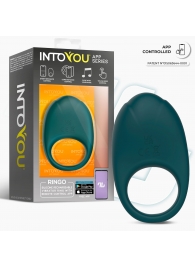 Зеленое интерактивное виброкольцо Ringo - Intoyou - в Таганроге купить с доставкой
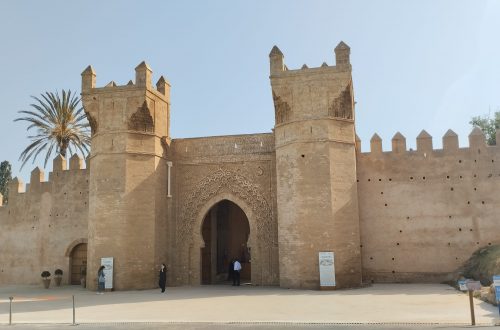 Chellah giriş kapısı, Rabat, Fas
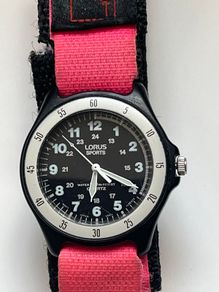 Ladies Lorus Quartz Sports Watch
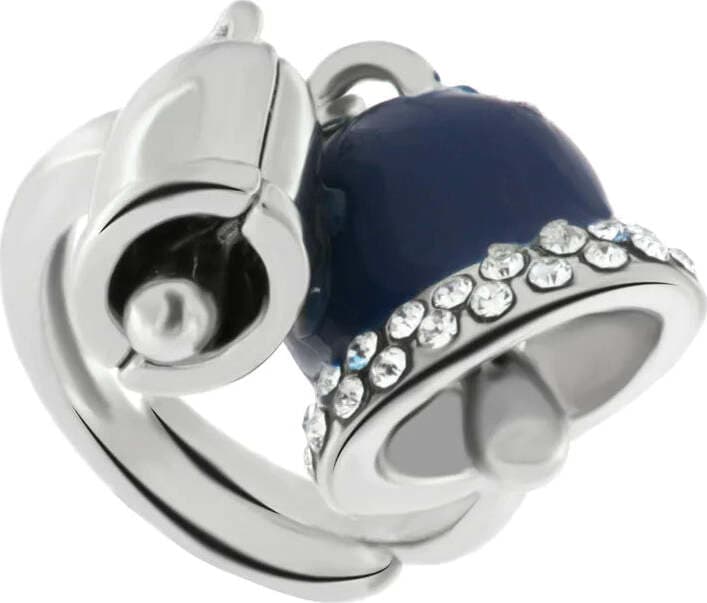 BYSIMON-----Anello-in-Metallo-con-campanelle-portafortuna-con-smaltatura-blu-e-cristalli-bianchi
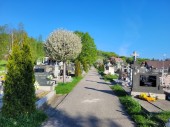 Kosenie cintorína – prosba o súčinnosť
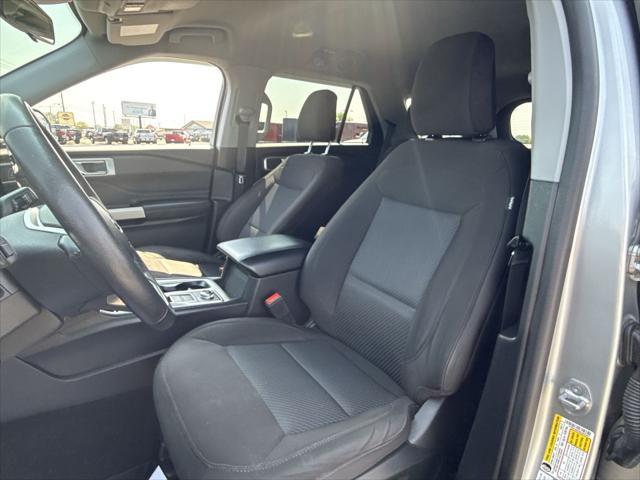 used 2022 Ford Explorer car, priced at $35,998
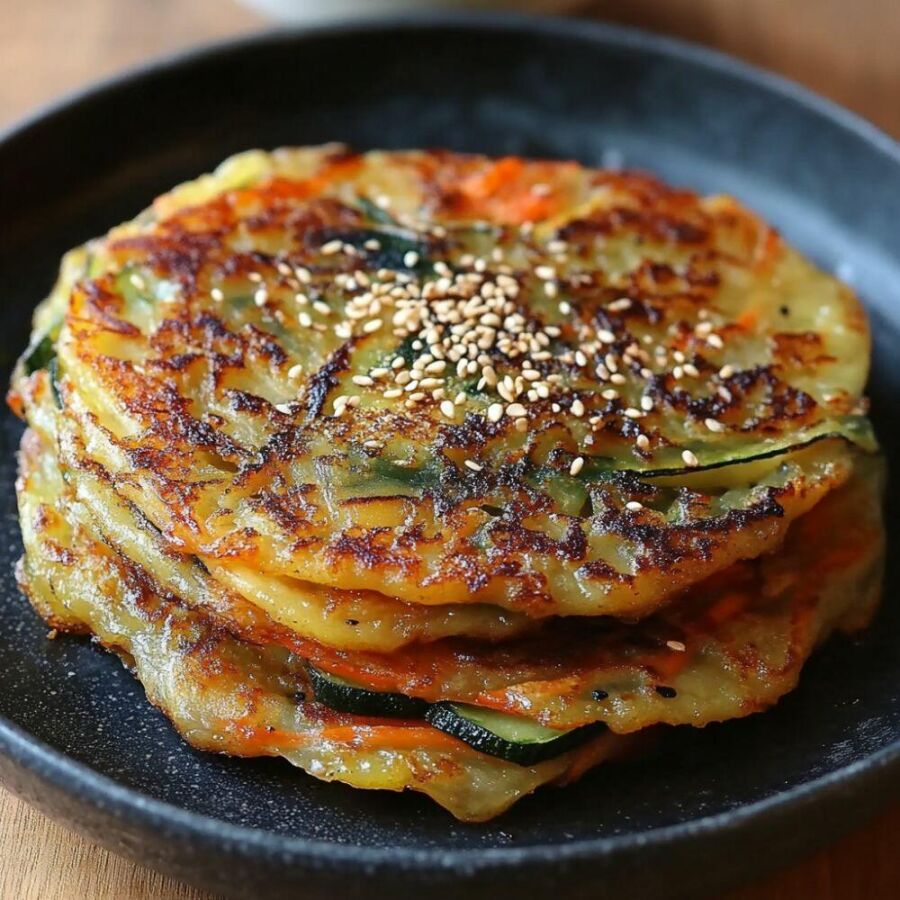 Image: A quick, light recipe full of vegetables.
□ □ □ □ □
#### [Exercise description]
Once the line holding "Chellah giriş kapısı, Rabat, Fas" is found, set it down along with every line after it through the end of the entries, exactly, leaving the pictures out.

#### [Output below]
 Chellah giriş kapısı, Rabat, Fas
 Ladies Lorus Quartz Sports Watch
 BYSIMON-----Anello-in-Metallo-con-campanelle-portafortuna-con-smaltatura-blu-e-cristalli-bianchi
 Kosenie cintorína – prosba o súčinnosť
 used 2022 Ford Explorer car, priced at $35,998
 Image: A quick, light recipe full of vegetables.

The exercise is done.